Entre ser e vir a ser

Os anos de pausa dos pincéis renderam um portifólio com um monte de desenhos.

São pastéis bem executados, mas não os fiz com a intenção de serem obras completas em si. Por muito tempo eu utilizei essa técnica para fazer esboços mais bem acabados como base para futuras telas à óleo, principalmente no que diz respeito à composição e arranjo tonal. Com a escassez de tempo livre e espaço, acabaram sendo minha única produção artística daquele período.

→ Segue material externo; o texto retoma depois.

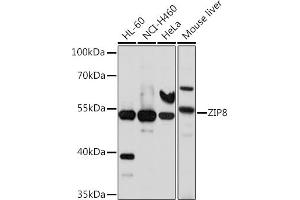Western blot analysis of extracts of various cell lines, using ZIP8 antibody (ABIN6131079, ABIN6147995, ABIN6147996 and ABIN6214638) at 1:1000 dilution. (SLC39A8 anticorps  (AA 180-300))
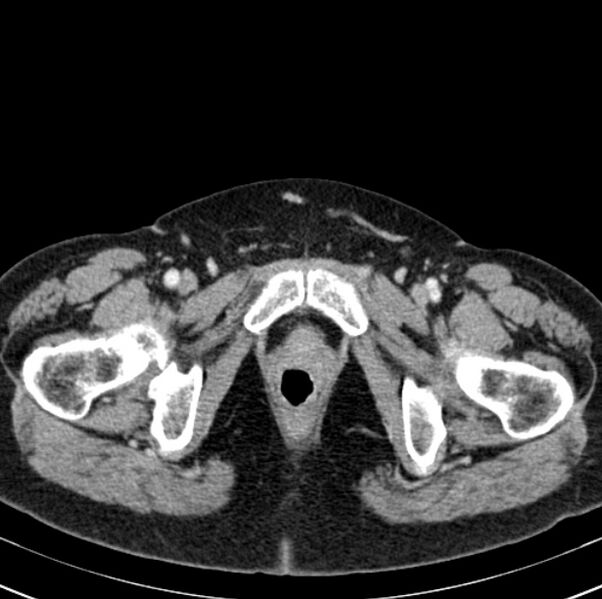 File:Colon carcinoma with hepatic metastases (Radiopaedia 29477-29961 A 117).jpg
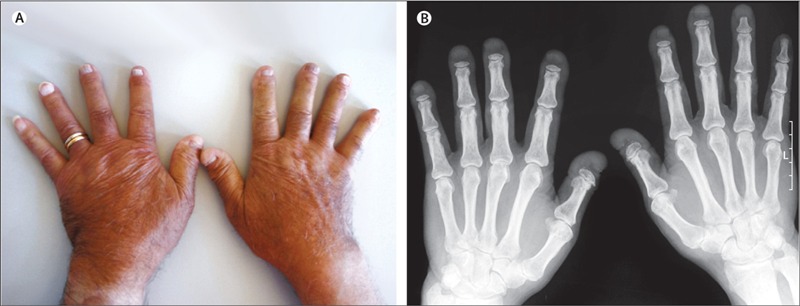 Acroosteolysis clinical image and x-rays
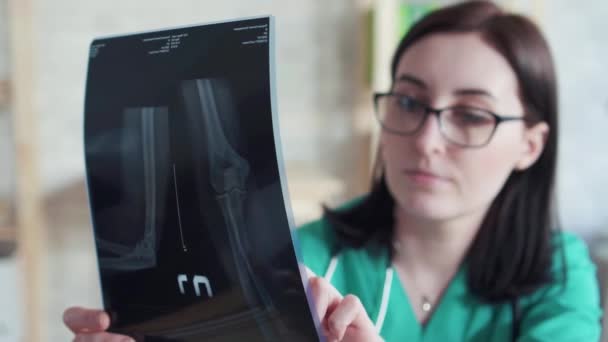 Dokter vrouw kijkt naar de x-ray foto slow mo — Stockvideo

  O problema de ter tantos desenhos nesse limbo entre ser um esboço e ser um desenho “maduro”, é que eles deixam uma sensação de incompletude difícil de ser resolvida, por que as ideias acabaram evoluindo e se diversificando sem nenhuma execução concreta, e hoje, na hora de escolher algo para finalizar, seja em tela ou em papel, acabam eleitos os desenhos mais recentes (isso quando eu não resolvo criar algo do zero).

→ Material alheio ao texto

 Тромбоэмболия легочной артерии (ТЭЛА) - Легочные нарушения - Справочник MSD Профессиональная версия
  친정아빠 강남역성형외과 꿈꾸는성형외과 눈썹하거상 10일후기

Eu sei que esse limite a que estou me referindo é muito subjetivo e pessoal, um critério estabelecido por mim na minha relação com meu trabalho. Mas convenhamos pelo menos que eu não faria uma exposição com desenhos de tamanho A4…

Como mencionei na postagem sobre meu processo criativo, agora eu tenho um caderno com folhas de papel canson para reunir os “desenhos limbo” em técnicas mais simples. A idéia era materializar as minhas ideias de maneira mais rápida e prática, sem passar por esse dilema, mas aí está: outra vez estou fazendo versões menores do que poderiam ser obras completas se eu me esmerasse mais na técnica e utilizasse um tamanho maior. Apenas mudei o material.

Parece que vou ter que aceitar que faz parte do meu processo criativo desenhar duas vezes a mesma coisa, o importante é que as ideias saiam da minha cabeça e tomem forma para que surjam cada vez mais delas. É o que está acontecendo neste exato momento. Graças a Deus.

PS: Pelo menos 3 desses desenhos antigos estão tendo seu momento de glória neste post. Meus novos “favoritos-a-finalização” ficam para próxima.